Para el estudio, se utilizó información de la encuesta National Health and Nutritional Examination Survey (NHANES) III, y en la que participaron 19 mil 179 personas mayores a los 18 años a lo largo de 23 años.

Además de descubrir que, en general, quienes más consumen picante son “jóvenes, blancos, mexico-estadounidenses, casados, que fuman y beben alcohol, tienen una dieta más alta en carnes, tienen menos ingresos y menos educación”, trascendió que las personas que integran chiles a sus dietas cotidianamente, tienen 13% menos probabilidades de morir de una enfermedad cardiaca o embolia.

Aunque los investigadores no saben con exactitud qué es lo que tienen los chiles para otorgar longevidad, la respuesta podría estar en su principal componente, el capsicum, mismo que ayuda a prevenir obesidad, modular la presión arterial y hasta tiene propiedades antimicrobianas.

Sin embargo, este descubrimiento podría aplicar solo a la población estadounidense, pues en México las noticias sobre la esperanza de vida no son muy alentadoras.

Y es que de acuerdo a la Organización para la Cooperación y el Desarrollo Económicos (OCDE), México ocupa el lugar 38 en una lista de esperanza de vida de entre 44 países.
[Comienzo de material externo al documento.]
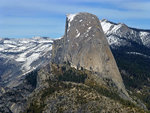 Half Dome, Clouds Rest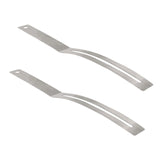 2Pcs Guitar Radian Fingerboard Guards, Stainless Steel Guitar Fingerboard Protector, Luthier Tool, Fretboard Protector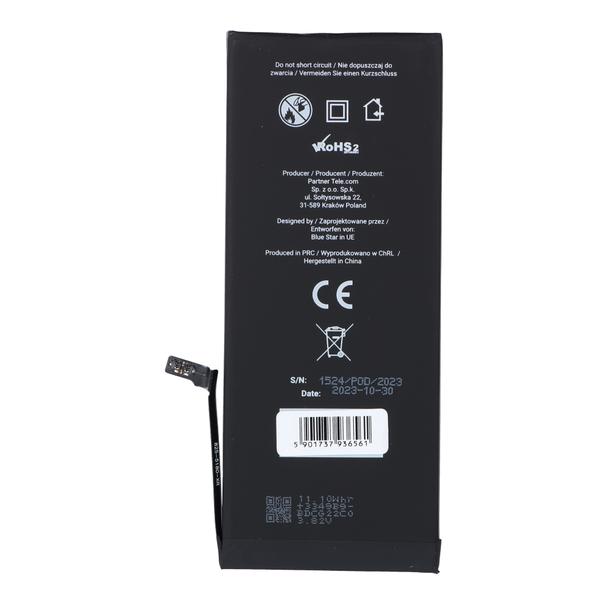 Bateria do iPhone 6S PLUS 2750 mAh Blue Star HQ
Mientras el promedio es de 80.5 años, en nuestro país la cifra se registra en 74.6 años.

Por su parte, Estados Unidos cuenta con una esperanza de vida de 78.8 años, también un número bajo en comparación con los primeros lugares de la lista: Japón con 83.4 años, España con 83.2 y Suiza con 82.9.

Aunque el estudio especificó sólo los beneficios del chile en la prevención de enfermedades del sistema circulatorio, queda claro que a los mexicanos, por más chiles y salsas que nos empacamos, no nos compensa la dieta poco balanceada que llevamos y la falta de ejercicio.

Nota vía Huffington Post.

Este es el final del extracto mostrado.